### BRIEF
Copy exactly the lines of the records below, and only those lines, beginning with the line that contains "Afbeelding van Floris" and ending with the line that contains "Paleta de Sombras".

### INPUT RECORDS
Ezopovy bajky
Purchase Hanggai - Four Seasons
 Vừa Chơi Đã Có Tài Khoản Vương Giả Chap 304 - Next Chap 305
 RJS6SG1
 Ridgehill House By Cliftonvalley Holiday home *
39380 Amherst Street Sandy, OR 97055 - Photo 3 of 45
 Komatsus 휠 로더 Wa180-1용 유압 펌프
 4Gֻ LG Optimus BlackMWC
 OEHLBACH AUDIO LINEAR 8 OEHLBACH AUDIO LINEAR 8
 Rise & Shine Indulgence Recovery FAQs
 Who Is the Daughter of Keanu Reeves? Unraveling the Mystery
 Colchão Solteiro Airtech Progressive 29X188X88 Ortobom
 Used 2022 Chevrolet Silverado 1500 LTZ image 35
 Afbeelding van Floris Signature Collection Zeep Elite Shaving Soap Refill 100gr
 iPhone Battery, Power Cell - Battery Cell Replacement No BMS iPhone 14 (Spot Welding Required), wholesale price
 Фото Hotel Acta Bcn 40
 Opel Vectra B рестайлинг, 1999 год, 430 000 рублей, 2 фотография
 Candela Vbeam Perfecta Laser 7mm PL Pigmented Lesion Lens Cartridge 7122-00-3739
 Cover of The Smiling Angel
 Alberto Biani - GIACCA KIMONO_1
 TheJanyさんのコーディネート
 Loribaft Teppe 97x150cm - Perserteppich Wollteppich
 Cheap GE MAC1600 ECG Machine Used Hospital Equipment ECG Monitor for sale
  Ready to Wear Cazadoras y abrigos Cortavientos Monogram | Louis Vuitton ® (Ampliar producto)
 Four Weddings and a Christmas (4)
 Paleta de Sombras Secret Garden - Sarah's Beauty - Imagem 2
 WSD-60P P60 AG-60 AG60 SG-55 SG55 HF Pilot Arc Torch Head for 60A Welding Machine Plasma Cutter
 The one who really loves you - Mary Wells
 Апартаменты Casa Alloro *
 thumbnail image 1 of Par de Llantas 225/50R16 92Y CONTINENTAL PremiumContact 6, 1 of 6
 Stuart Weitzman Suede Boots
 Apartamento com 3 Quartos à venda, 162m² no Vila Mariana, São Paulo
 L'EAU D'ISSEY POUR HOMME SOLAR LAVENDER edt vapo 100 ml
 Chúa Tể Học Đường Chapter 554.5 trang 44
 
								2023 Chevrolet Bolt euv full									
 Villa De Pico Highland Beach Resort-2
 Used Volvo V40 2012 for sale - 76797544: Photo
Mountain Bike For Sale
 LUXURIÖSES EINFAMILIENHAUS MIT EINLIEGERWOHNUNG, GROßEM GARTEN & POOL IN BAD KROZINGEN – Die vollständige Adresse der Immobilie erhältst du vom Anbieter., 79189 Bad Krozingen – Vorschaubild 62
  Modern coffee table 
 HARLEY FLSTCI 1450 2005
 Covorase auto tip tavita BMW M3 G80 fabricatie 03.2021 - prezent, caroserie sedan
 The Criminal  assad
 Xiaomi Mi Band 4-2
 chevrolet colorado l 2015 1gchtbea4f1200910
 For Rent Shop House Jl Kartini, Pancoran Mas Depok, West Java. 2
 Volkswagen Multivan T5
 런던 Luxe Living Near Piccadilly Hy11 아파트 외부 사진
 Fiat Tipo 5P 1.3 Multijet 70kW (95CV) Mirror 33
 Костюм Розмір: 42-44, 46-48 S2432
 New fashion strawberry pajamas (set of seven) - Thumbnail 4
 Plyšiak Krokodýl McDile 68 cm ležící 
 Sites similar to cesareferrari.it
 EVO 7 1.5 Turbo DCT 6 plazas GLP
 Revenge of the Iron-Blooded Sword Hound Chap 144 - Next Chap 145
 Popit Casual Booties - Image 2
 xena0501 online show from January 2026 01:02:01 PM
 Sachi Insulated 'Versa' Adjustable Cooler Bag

### RESPONSE TO THE EXERCISE
 Afbeelding van Floris Signature Collection Zeep Elite Shaving Soap Refill 100gr
 iPhone Battery, Power Cell - Battery Cell Replacement No BMS iPhone 14 (Spot Welding Required), wholesale price
 Фото Hotel Acta Bcn 40
 Opel Vectra B рестайлинг, 1999 год, 430 000 рублей, 2 фотография
 Candela Vbeam Perfecta Laser 7mm PL Pigmented Lesion Lens Cartridge 7122-00-3739
 Cover of The Smiling Angel
 Alberto Biani - GIACCA KIMONO_1
 TheJanyさんのコーディネート
 Loribaft Teppe 97x150cm - Perserteppich Wollteppich
 Cheap GE MAC1600 ECG Machine Used Hospital Equipment ECG Monitor for sale
  Ready to Wear Cazadoras y abrigos Cortavientos Monogram | Louis Vuitton ® (Ampliar producto)
 Four Weddings and a Christmas (4)
 Paleta de Sombras Secret Garden - Sarah's Beauty - Imagem 2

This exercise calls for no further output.